# Favona



## Catagrapha

Favona is a suburb of Auckland, New Zealand. It can't be Maori, for Maori has neither _f _nor _v.;_ it's likely of European origin. Where or who is the original Favona in Europe?

Is Favona the singular form of _Favonae_, an ancient Germanic people?


----------



## Olaszinhok

Catagrapha said:


> Favona is a suburb of Auckland


In Italian *favona* is a big broad bean, but I know it does not make any sense...


----------



## Circunflejo

It seems that it means westerly winds and that those are the prevailing winds in the area.


----------



## Stoggler

Olaszinhok said:


> In Italian *favona* is a big broad bean, but I know it does not make any sense...



Well it might make sense, as there is a history of market gardening in that particular area: perhaps beans were grown there.


----------



## Stoggler

Circunflejo said:


> It seems that it means westerly winds and that those are the prevailing winds in the area.
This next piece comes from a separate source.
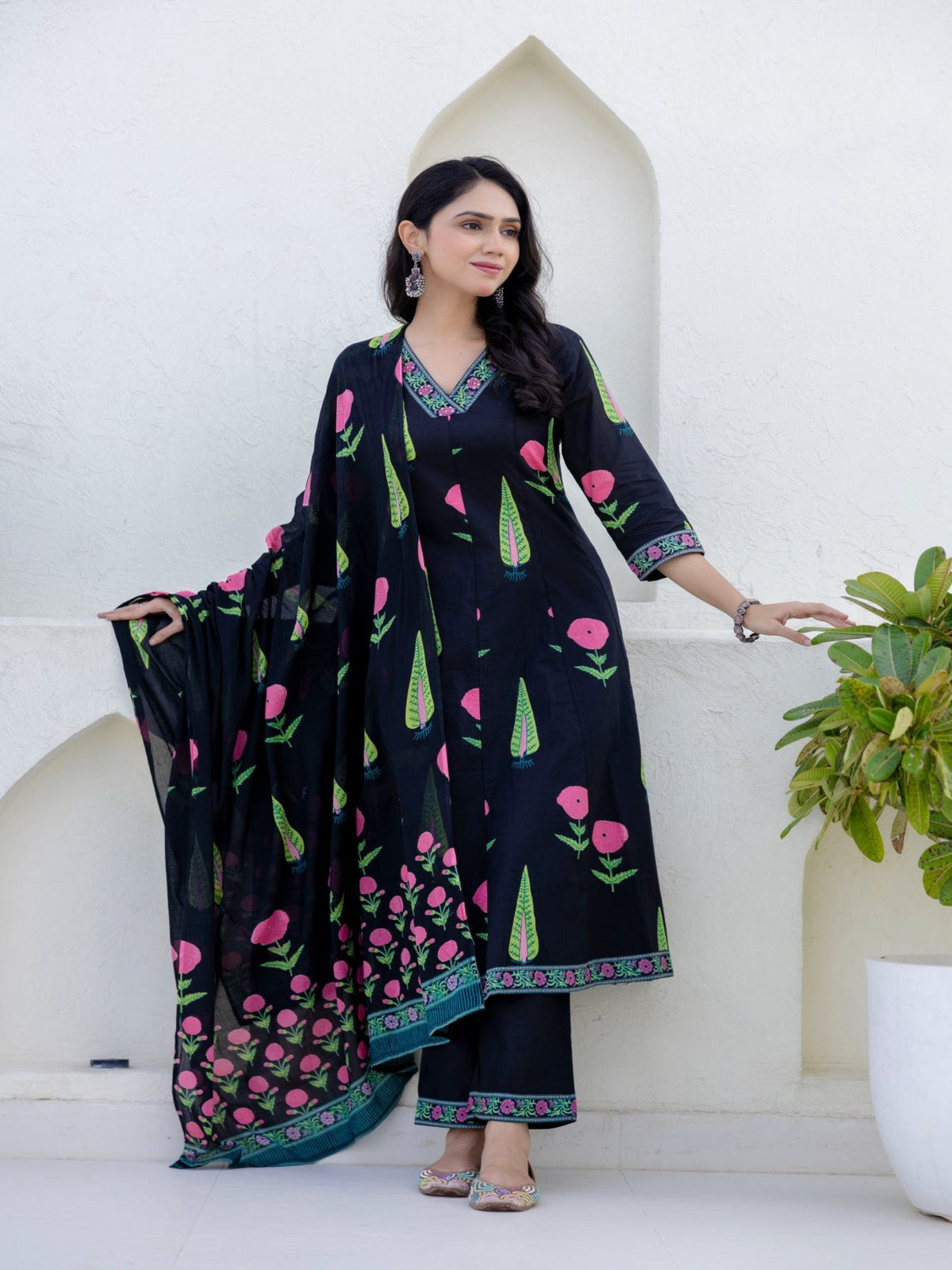 Rangvastra Black Cotton Kurta Pant Duptta Set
In what language does it mean that?


----------



## entangledbank

But other Polynesian languages do have _f_ and _v_, for example Samoan or Tongan. It would be the equivalent of Maori _whawona_. Is Auckland more likely to have an Italian or an other-Polynesian suburb name? If I drill down on Google Maps, there's a Tongan church on Favona Road. That might be the link.


----------



## Stoggler

entangledbank said:


> But other Polynesian languages do have _f_ and _v_, for example Samoan or Tongan. It would be the equivalent of Maori _whawona_. Is Auckland more likely to have an Italian or an other-Polynesian suburb name? If I drill down on Google Maps, there's a Tongan church on Favona Road. That might be the link.



Migration from the other Polynesian islands dates from mostly from the 1950s and ‘60s, long after the area was named.  It’s unlikely that a non-Māori name would gain official acceptance by pakeha officialdom of the 19th and most of the 20th centuries.
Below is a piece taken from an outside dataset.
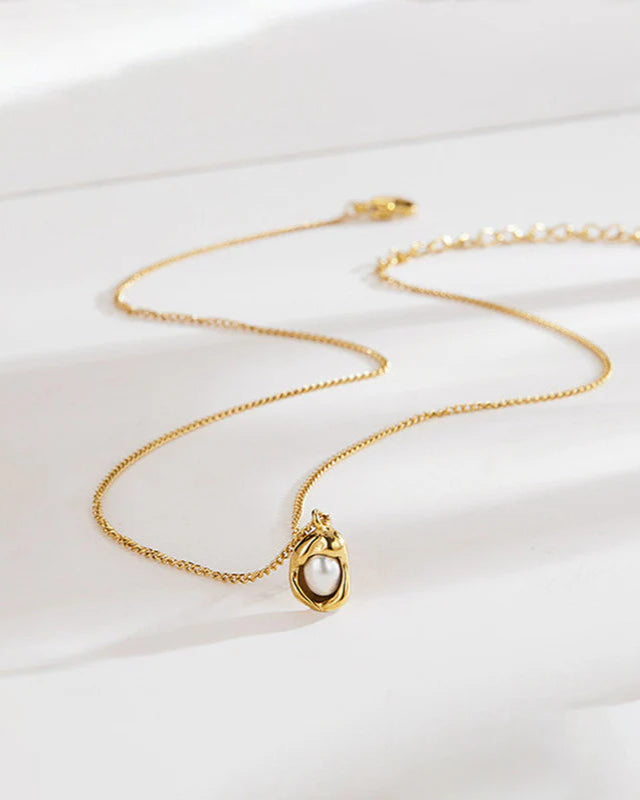 Pearl Nest Necklace – 18K Gold Plated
I thought Maori did have an /f/ sound, written as wh, although it can be /ɸ/.


----------



## Circunflejo

Stoggler said:


> In what language does it mean that?


At the page 105 of the vol. 54 of _Records of the Australian Museum_ (published in 2002), it's said that it comes from Latin but there's not a source quoted for that. The text doesn't talk about the suburb Favona but about the favona part of the name of an annelid called Amphictene Favona. However, the official web of the Auckland Council libraries (Auckland Libraries: Māngere street names) agrees with the meaning of westerly wind although they don't quote an etymology for it. The Wikipedia page for neighbouring Mangere says the westerly winds are dominant in Mangere so it makes sense that the meaning of the place is westerly wind(s) but you would need to ask in the Latin forum if that could be Latin as the Australian source says because it's not among the Latin that I know.


----------



## alfaalfa

Ciao


Circunflejo said:


> It seems that it means westerly winds


I come from the north of Apulia. There's a hot wind blowing from the west named _Favonio_


----------



## Abaye

Favonius "favorable" is Latin for Greek Zephyrus, (the god of) west wind.
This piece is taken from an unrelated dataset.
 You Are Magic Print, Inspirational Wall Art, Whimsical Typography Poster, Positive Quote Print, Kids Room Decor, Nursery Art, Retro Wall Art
> The mean high pressure belt in the New Zealand sector of the Southern Hemisphere is centred near 30° S so that westerly winds predominate over the country.


----------



## bearded

alfaalfa said:


> I come from the north of Apulia. There's a hot wind blowing from the west named _Favonio_


So far, I only knew this wind as being a south wind blowing mainly in the Alps (German _Föhn_).
Favonio - Wikipedia
Foehn wind - Wikipedia
Thank you for letting me/us know that it also exists in Apulia (although from the west).  I suspect it is the same as 'garbino' in other It. regions.


----------



## Olaszinhok

As far as I know it's a very hot wind blowing in _Salento_, that is to say, in the South of Apulia, I did not know that it also blows in the _Gargano_ area. As for my previous post, I was clearly joking...


----------



## alfaalfa

bearded said:


> I suspect it is the same as 'garbino' in other It. regions.


 At least on the Adriatic sea side.





Olaszinhok said:


> I did not know that it also blows in the _Gargano_ area.


Mainly in the _Tavoliere delle Puglie/Capitanata_


----------



## bearded

Olaszinhok said:


> As for my previous post, I was clearly joking.


Perhaps you should explain that to foreigners who took you seriously...


----------



## Catagrapha

English has _favonian_. Is _favona _a dialectal form? I would expect _favonius _> _favony _from Latin to English.


----------



## Stoggler

Catagrapha said:


> English has _favonian_. Is _favona _a dialectal form? I would expect _favonius _> _favony _from Latin to English.



An obscure word at best, it’s a very learnèd word and if used would have most people reaching for a dictionary.

There appears to be a historical society in the area who have a website, if someone really wants to know the origin of the name, I’m sure they’d be more than happy to help if you contacted them.


----------



## bearded

On the French (formerly Italian) Còrsica island there is a seaside village called Favona (now Favone in French). Migrations from there to New Zealand?
Favona


----------